韻律に緊張を
一昨日の短歌人・横浜歌会の際に、平野久美子さんから少し古い雑誌の提供があった。その中から去年の「短歌現代」9月号をもらってきた。特集「現代短歌―その美をさぐる」から読み始めた。またまた小池光の面白い文章に出会った。「美は緊張にあり」という表題である。これはもちろん、瀬戸内晴美(出家して寂聴)の小説『美は乱調にあり』をもじったもの。それはともかく、短歌に美をもたらすには、緊張を一首の上に構築すればよい、と説く。以下、さわりの個所を引用する。
短歌で緊張を作り出す要素はさまざまあるが、核心にあるのは
韻律である。五、七、五、七、七をいかに揺らすか。いかに
はっと息を呑む間合いを作り出すか、美しい一首にはいつも
その緊張を無意識に誘導する固有の間合いがある。
例えば、斎藤茂吉の次ぎの歌。
すき透らむばかりに深きくれなゐの松葉牡丹のまへを過りぬ
「すき透らむ、ばかりに深き」と読ませる。読まざるを得ない。
それが短歌の韻律である。
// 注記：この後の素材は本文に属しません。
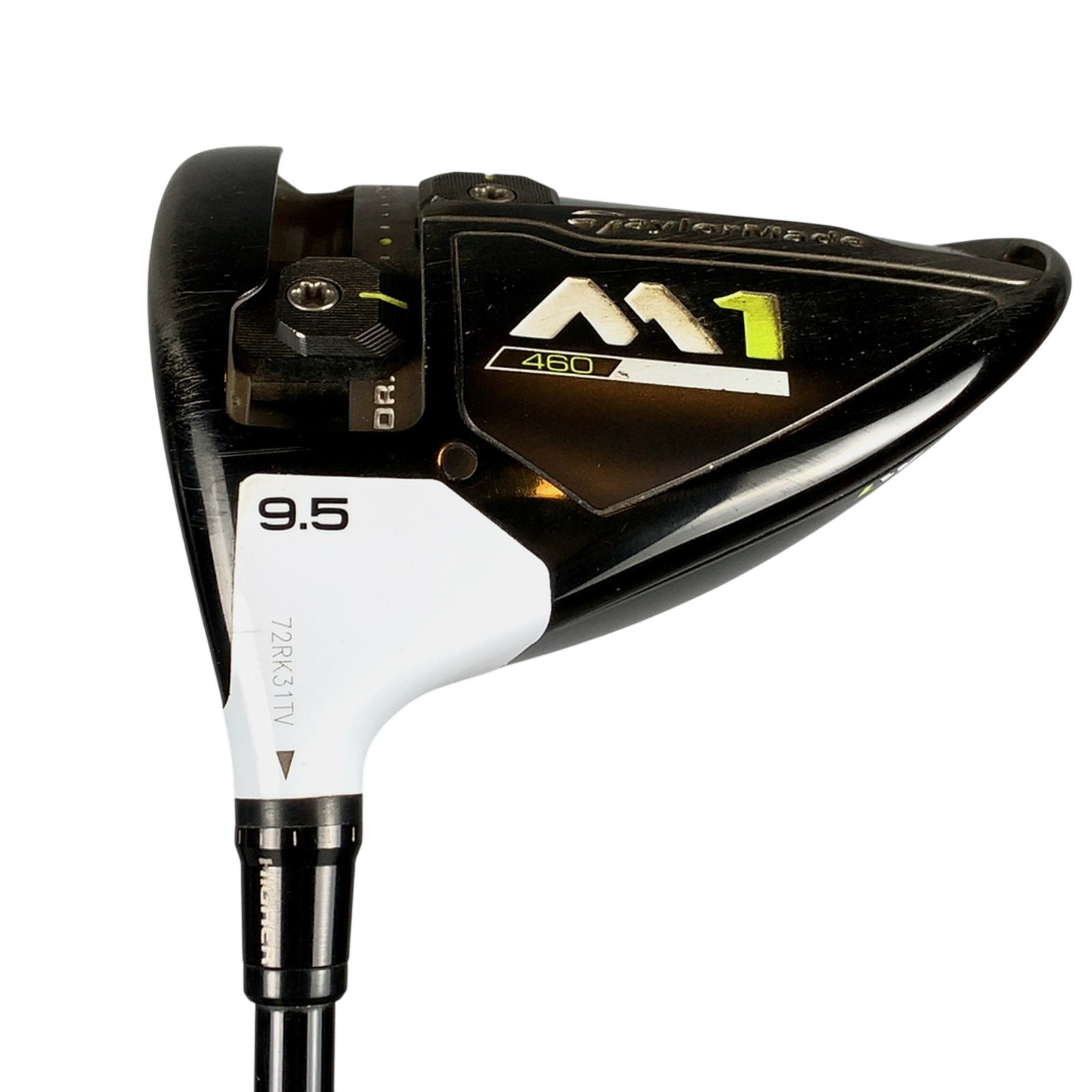 Venstre TaylorMade M1 2017 Driver / Flex Stiff / Loft 9.5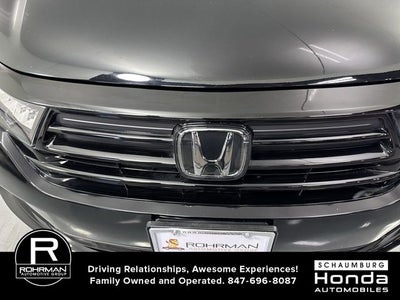 2024 Honda Odyssey Sport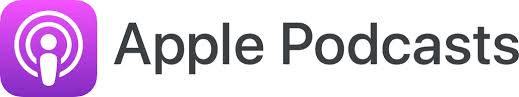Image result for apple podcast logo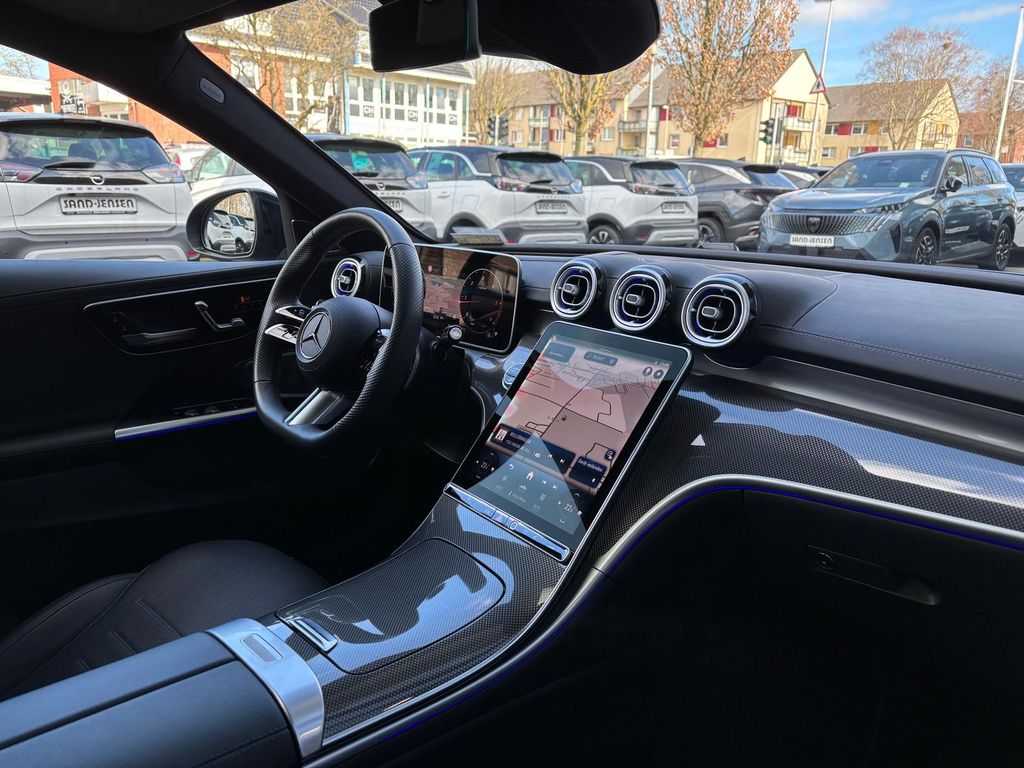 Mercedes-Benz C 300 2024
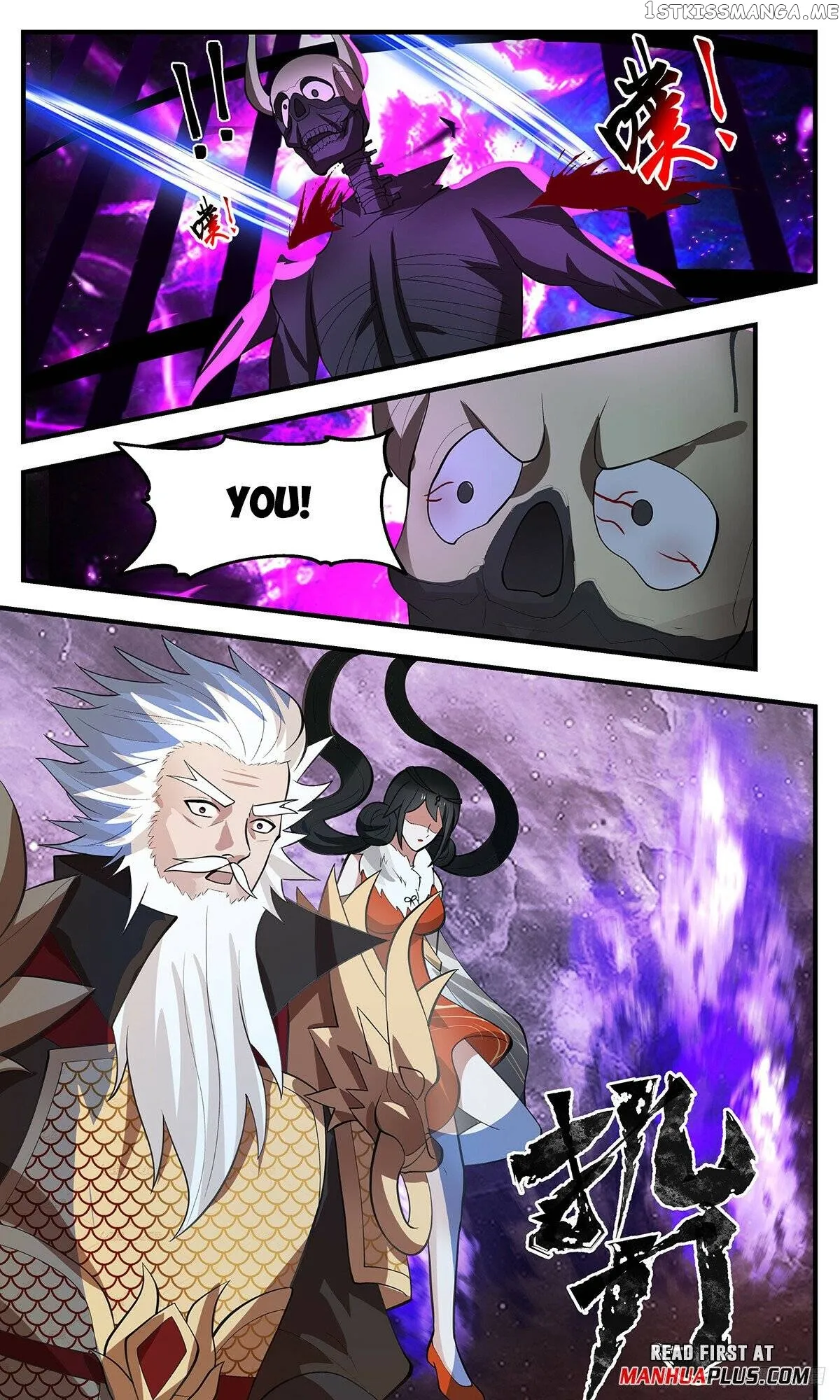 Martial Peak Chapter 3273 Online - página 12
そのとき転げ落ちるように抜け出した
「すき透らむ」の初句がそれ自身自立して、すき透らむが物質化
されたように感じさせるところに、はっとさせるものがある。
これは、韻律に関するものだが、他の要素について緊張をもたらす方法を考えることが我々読者の宿題である。
小池光のことになると文章にせよ歌にせよ、いつも手放しで賞賛しているが、つまりは、彼の説く緊張が、自らの作品に構築されているからなのである。